Find the line that contains "Chevrolet Silverado 1500", then repeat it and each line after it to the end of the records, exactly.

__Extracted data__:

——————————

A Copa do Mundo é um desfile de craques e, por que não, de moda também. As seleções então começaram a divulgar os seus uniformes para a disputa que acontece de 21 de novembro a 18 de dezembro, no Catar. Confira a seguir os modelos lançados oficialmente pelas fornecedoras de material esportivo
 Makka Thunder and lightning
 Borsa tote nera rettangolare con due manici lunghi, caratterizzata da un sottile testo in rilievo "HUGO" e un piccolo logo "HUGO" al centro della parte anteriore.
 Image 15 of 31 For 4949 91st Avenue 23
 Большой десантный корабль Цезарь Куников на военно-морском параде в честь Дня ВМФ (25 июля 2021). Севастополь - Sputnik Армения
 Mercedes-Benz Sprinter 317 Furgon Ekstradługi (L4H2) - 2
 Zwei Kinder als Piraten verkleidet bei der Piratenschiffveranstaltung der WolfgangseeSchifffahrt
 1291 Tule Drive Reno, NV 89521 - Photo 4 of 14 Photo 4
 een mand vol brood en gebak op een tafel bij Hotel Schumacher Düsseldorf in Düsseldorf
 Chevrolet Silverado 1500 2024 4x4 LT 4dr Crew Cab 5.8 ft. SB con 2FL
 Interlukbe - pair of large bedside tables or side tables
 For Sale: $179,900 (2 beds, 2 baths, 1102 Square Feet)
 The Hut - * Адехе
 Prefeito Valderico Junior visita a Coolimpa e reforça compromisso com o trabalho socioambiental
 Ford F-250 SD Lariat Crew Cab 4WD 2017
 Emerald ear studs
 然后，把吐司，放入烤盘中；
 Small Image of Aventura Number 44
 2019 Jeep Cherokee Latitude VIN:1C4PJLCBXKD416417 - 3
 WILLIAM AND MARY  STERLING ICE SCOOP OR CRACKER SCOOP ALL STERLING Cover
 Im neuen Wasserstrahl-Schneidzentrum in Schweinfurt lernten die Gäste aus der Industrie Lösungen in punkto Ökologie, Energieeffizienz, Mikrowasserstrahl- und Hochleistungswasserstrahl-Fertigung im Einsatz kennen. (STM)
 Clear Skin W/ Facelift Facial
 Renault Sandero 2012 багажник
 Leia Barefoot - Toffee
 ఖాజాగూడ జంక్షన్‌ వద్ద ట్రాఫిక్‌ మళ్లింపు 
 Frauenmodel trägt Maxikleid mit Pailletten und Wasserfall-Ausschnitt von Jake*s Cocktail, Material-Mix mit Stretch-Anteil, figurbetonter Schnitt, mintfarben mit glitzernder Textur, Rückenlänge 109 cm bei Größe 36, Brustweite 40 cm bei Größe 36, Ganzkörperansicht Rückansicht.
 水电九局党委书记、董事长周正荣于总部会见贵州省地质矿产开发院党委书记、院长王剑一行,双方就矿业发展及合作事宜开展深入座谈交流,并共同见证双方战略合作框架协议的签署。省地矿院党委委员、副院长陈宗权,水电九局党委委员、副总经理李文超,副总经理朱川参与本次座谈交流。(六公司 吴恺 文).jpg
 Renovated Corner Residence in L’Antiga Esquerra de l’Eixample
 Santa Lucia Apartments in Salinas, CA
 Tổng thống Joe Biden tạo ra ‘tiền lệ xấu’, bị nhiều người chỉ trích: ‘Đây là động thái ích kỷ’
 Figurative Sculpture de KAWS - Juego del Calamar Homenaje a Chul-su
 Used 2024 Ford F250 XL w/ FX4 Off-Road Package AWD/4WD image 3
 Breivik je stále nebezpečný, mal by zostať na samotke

——————————

__Response for this exercise__:
 Chevrolet Silverado 1500 2024 4x4 LT 4dr Crew Cab 5.8 ft. SB con 2FL
 Interlukbe - pair of large bedside tables or side tables
 For Sale: $179,900 (2 beds, 2 baths, 1102 Square Feet)
 The Hut - * Адехе
 Prefeito Valderico Junior visita a Coolimpa e reforça compromisso com o trabalho socioambiental
 Ford F-250 SD Lariat Crew Cab 4WD 2017
 Emerald ear studs
 然后，把吐司，放入烤盘中；
 Small Image of Aventura Number 44
 2019 Jeep Cherokee Latitude VIN:1C4PJLCBXKD416417 - 3
 WILLIAM AND MARY  STERLING ICE SCOOP OR CRACKER SCOOP ALL STERLING Cover
 Im neuen Wasserstrahl-Schneidzentrum in Schweinfurt lernten die Gäste aus der Industrie Lösungen in punkto Ökologie, Energieeffizienz, Mikrowasserstrahl- und Hochleistungswasserstrahl-Fertigung im Einsatz kennen. (STM)
 Clear Skin W/ Facelift Facial
 Renault Sandero 2012 багажник
 Leia Barefoot - Toffee
 ఖాజాగూడ జంక్షన్‌ వద్ద ట్రాఫిక్‌ మళ్లింపు 
 Frauenmodel trägt Maxikleid mit Pailletten und Wasserfall-Ausschnitt von Jake*s Cocktail, Material-Mix mit Stretch-Anteil, figurbetonter Schnitt, mintfarben mit glitzernder Textur, Rückenlänge 109 cm bei Größe 36, Brustweite 40 cm bei Größe 36, Ganzkörperansicht Rückansicht.
 水电九局党委书记、董事长周正荣于总部会见贵州省地质矿产开发院党委书记、院长王剑一行,双方就矿业发展及合作事宜开展深入座谈交流,并共同见证双方战略合作框架协议的签署。省地矿院党委委员、副院长陈宗权,水电九局党委委员、副总经理李文超,副总经理朱川参与本次座谈交流。(六公司 吴恺 文).jpg
 Renovated Corner Residence in L’Antiga Esquerra de l’Eixample
 Santa Lucia Apartments in Salinas, CA
 Tổng thống Joe Biden tạo ra ‘tiền lệ xấu’, bị nhiều người chỉ trích: ‘Đây là động thái ích kỷ’
 Figurative Sculpture de KAWS - Juego del Calamar Homenaje a Chul-su
 Used 2024 Ford F250 XL w/ FX4 Off-Road Package AWD/4WD image 3
 Breivik je stále nebezpečný, mal by zostať na samotke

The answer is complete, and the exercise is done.